* Team Number: 13
* Team Name: Drink God
* Team Members: Haige Xu & Xinyuan Jin
* Github Repository URL: https://github.com/ese5160/a14g-final-submission-t13-drink-god.git
* Description of test hardware: (development boards, sensors, actuators, laptop + OS, etc)
Our project is an IOT automatic beverage machine called Drink God. The device is based on the SAMD25 microcontroller and the WINC1500 Wi-Fi Chip. The device can be selected on the mobile device to get the desired drink. The Drink God contains distance sensors to ensure that the drink poured into the glass does not overflow. In addition, Drink God also contains temperature sensors to detect the current temperature of the environment to determine whether you need to add ice to your drink to ensure that you enjoy your drink at the most suitable temperature. At the same time, Node-red Interactive Interface will show the name of the beverage you are currently drinking and the number of times you have drunk various beverages in a short period of time. The device could make it easier for people to choose what they want to drink. The use of Internet connection in this device can make this product more intelligent. After using the Internet connection, people can observe their drinking habits on the mobile device, so people can combine the recorded data to improve their drinking habits and make their life more healthy.

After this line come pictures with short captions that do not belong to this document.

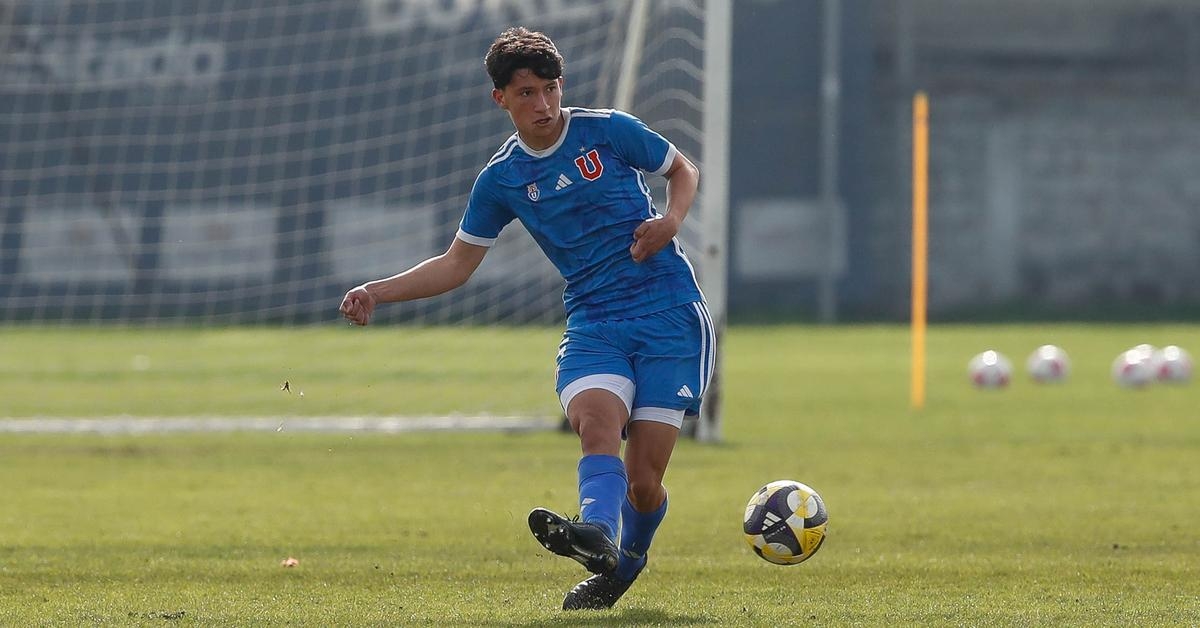 El Formativo azul continúa la acción enfrentando a Deportes Temuco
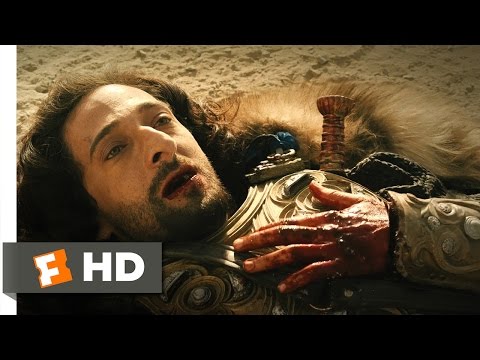 Dragon Blade - A Real Hero Scene (10/10) | Movieclips - UC3gNmTGu-TTbFPpfSs5kNkg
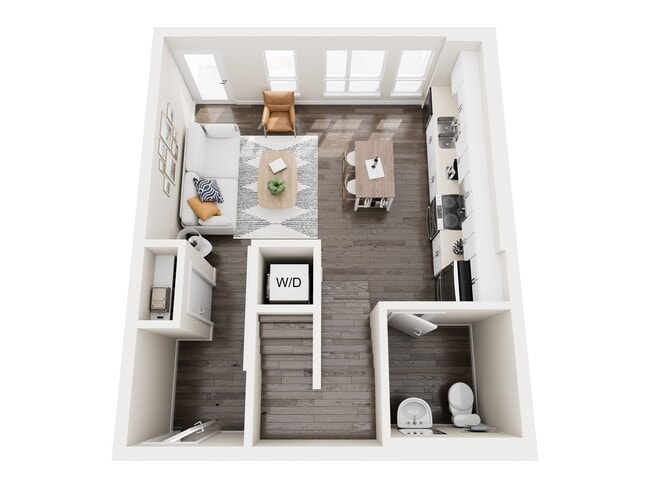 Floorplan - Axle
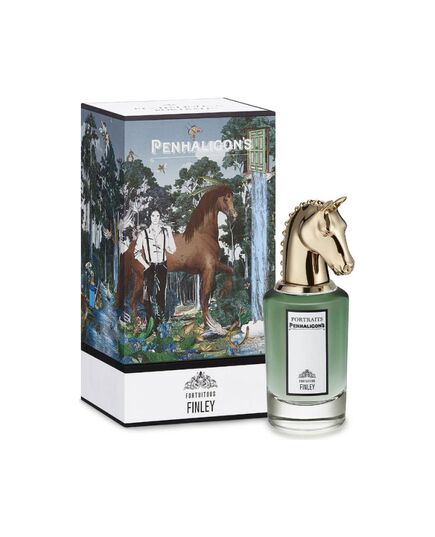 PENHALIGON'S FORTUITOUS FINLEY EDP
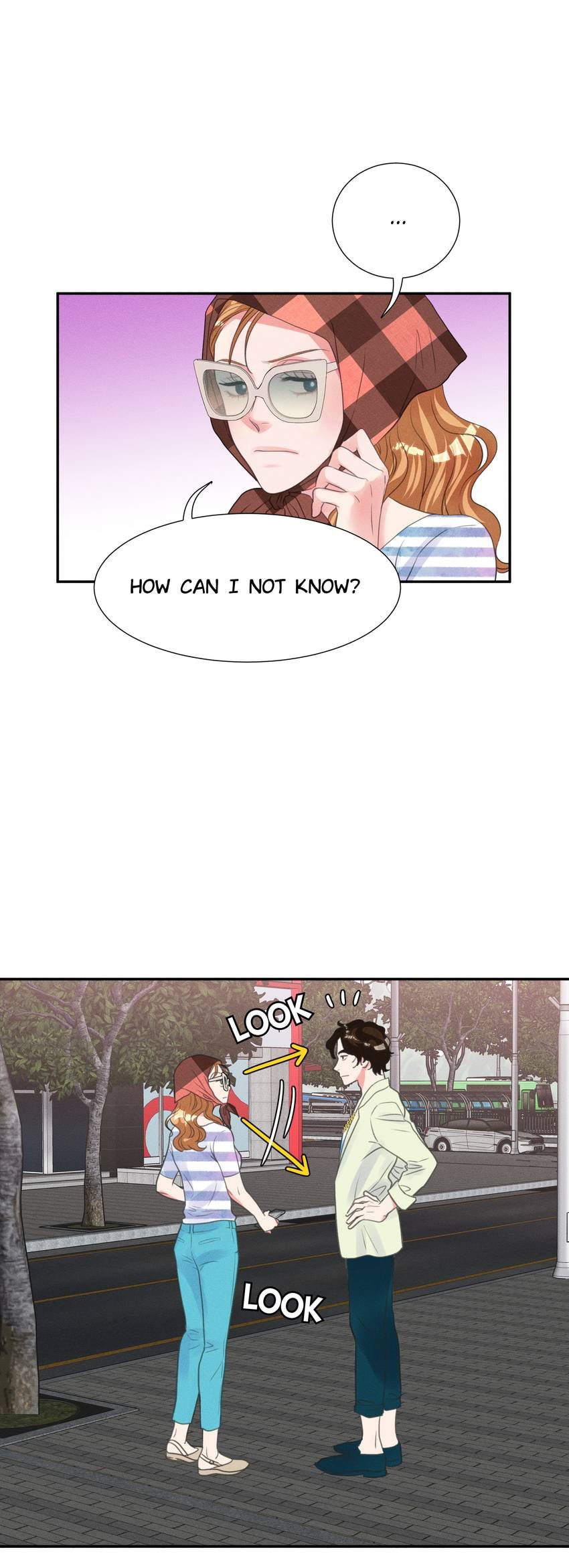 Read Off Limits! chapter 89 image 26 on Lezhin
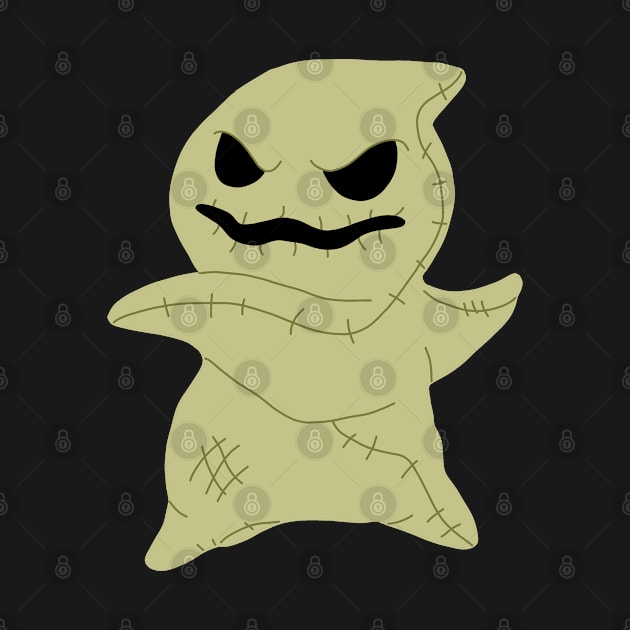 oogie boogie by sanderscottage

In daily life, people need to drink water or beverages every day. Motivated by the idea of wanting to realize a more convenient way to get drinks while keeping track of one's drinking habits, this project was started.
The Drink God project is an advanced IoT automatic beverage machine, which utilizes a complex array of sensors and actuators integrated with the SAMD25 microcontroller serving as the brain of the device. It features an ultrasonic distance sensor HC-SR04 to monitor the drink level and prevent spillage, and a temperature sensor MCP 9808 to ensure drinks are served at the optimal temperature by adding ice if necessary. The device operates pumps via relays to transfer beverages and controls servo motors to show the working state. Connectivity is managed by the WINC1500 Wi-Fi Chip, handling network interactions including connection, authentication, and communication with a mobile app. This allows users to select their preferred beverages seamlessly through a user-friendly interface. The device is designed to prevent overfills and adjust drink temperature automatically, enhancing user convenience. Drink choices and consumption statistics are displayed on the NODE-RED UI interface, making it easy for users to track and manage their consumption. The project leverages essential electronics concepts such as timers, interrupts, analog-to-digital conversion (ADC), and I2C communication, ensuring a sophisticated and efficient operation.
The biggest challenge we encountered in this project was to write drivers for each sensor, because we couldn't use the written libraries directly, we needed to make these sensors work in our own freertos environment, so we needed to refine the .c and .h files for these sensors ourselves.
In order to overcome this problem, we carefully read the datasheet of every sensor we used and also scrutinized the structure of our freertos, and with perseverance, made every sensor work properly.
I learned how to draw and fabricate PCBAs, I learned how to write drivers for sensors, and I learned how to use Node-Red for wireless control.
In the design of the PCBA, it will make the output pin port allocation more reasonable, make the whole PCB layout more beautiful, and also can redesign the appearance of the PCB.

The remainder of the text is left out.